Problem details
From the first line of the entries below through the line bearing "Coming to the", write out each line exactly. Omit pictures.

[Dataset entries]
>>>>>

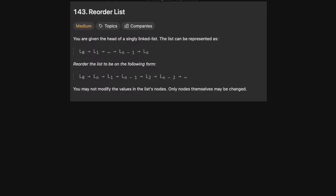Hello and welcome back to the Cracking Fan YouTube channel. Today we're solving LeetCode 143: Reorder List. You are given the head of a singly linked list, represented as L0 to L1 to Ln-1 to Ln. We want to reorder the list, and we're not allowed to modify the values in the nodes — we just have to modify the nodes, specifically where they point, i.e., their next pointer.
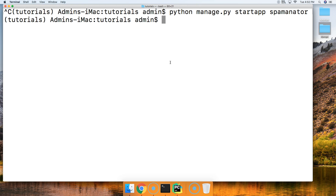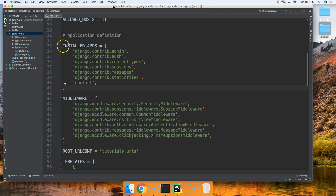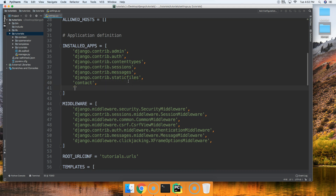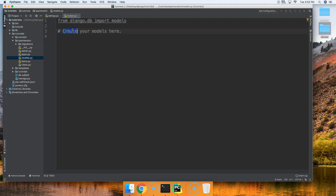We created our app, so let's go ahead and open up our text editor. If you've got some extra cash laying around, go ahead and get yourself PyCharm because it is awesome. Let's go ahead and add our app to our installed apps — Spaminator — like that, and now we're going to open up our models.py file.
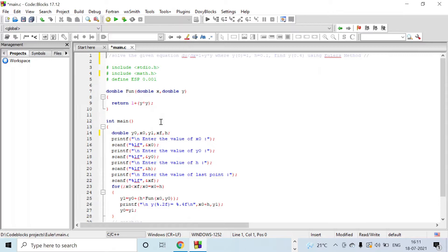Coming to the main, we have initialized variables x0, y0, y1, xf, and h.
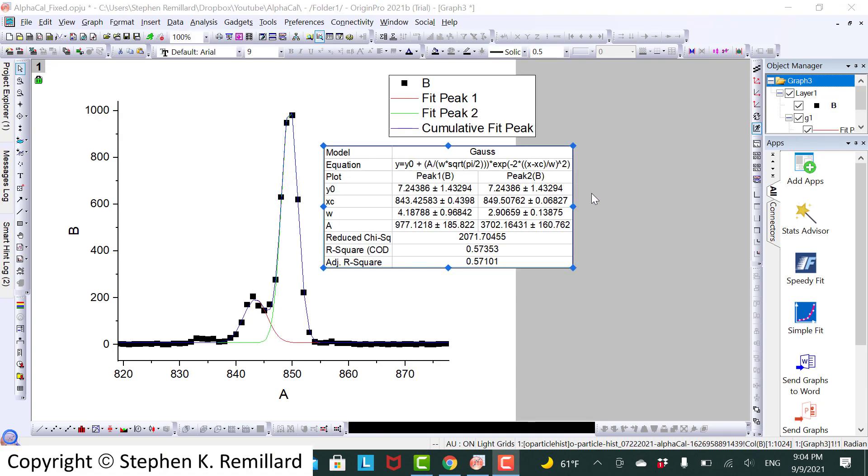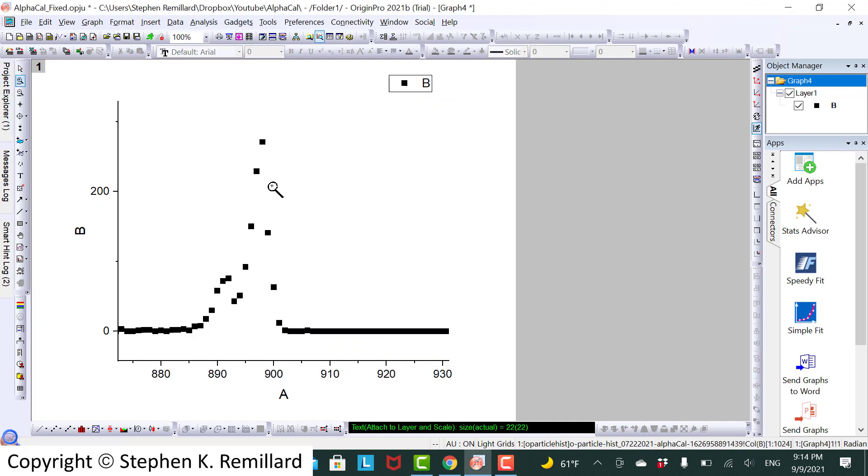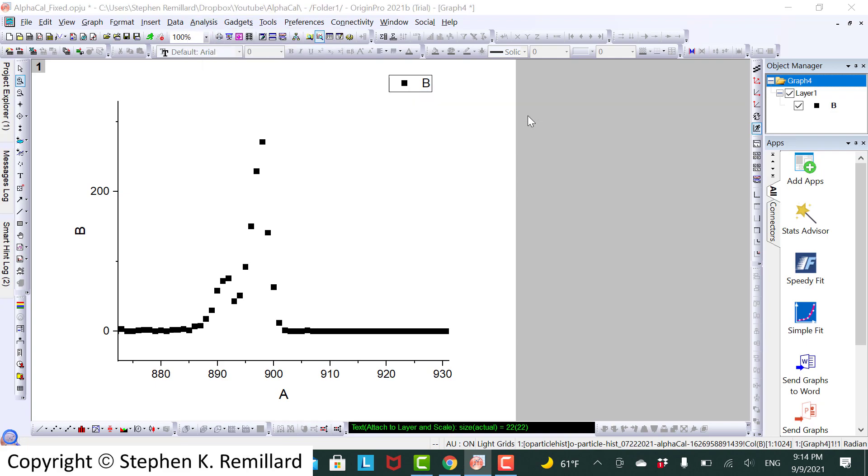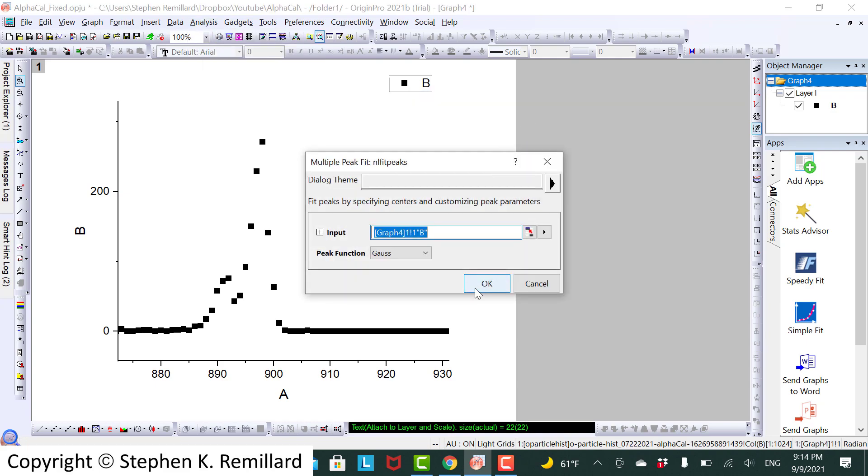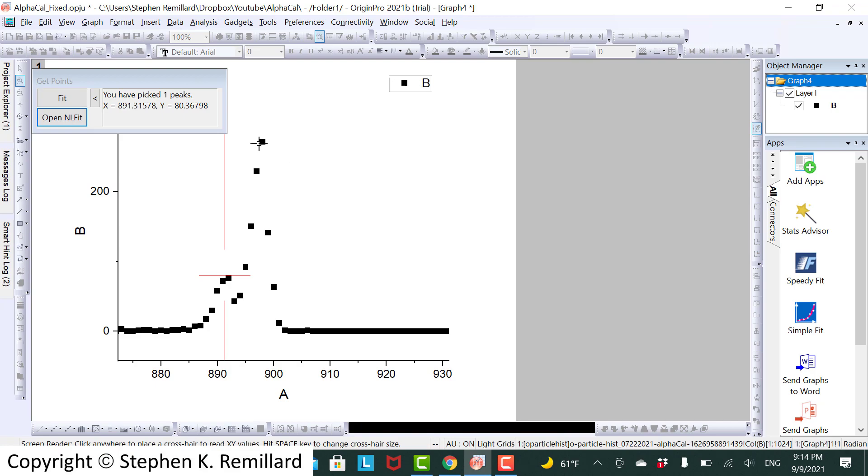And finally we need to do curium. Well defined doublet there. Keep in mind these are just guesses for the centroids. So now we have fit the peaks.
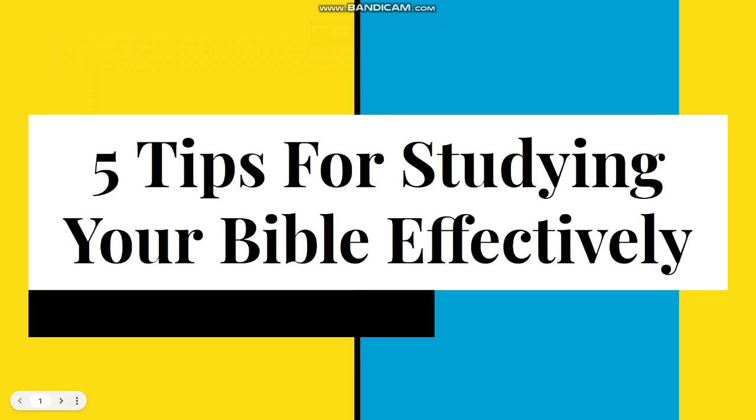Welcome back. In this video, we are going to look at five tips for studying your Bible effectively.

<<<<<

Problem solution
Hello and welcome back to the Cracking Fan YouTube channel. Today we're solving LeetCode 143: Reorder List. You are given the head of a singly linked list, represented as L0 to L1 to Ln-1 to Ln. We want to reorder the list, and we're not allowed to modify the values in the nodes — we just have to modify the nodes, specifically where they point, i.e., their next pointer.
We created our app, so let's go ahead and open up our text editor. If you've got some extra cash laying around, go ahead and get yourself PyCharm because it is awesome. Let's go ahead and add our app to our installed apps — Spaminator — like that, and now we're going to open up our models.py file.
Coming to the main, we have initialized variables x0, y0, y1, xf, and h.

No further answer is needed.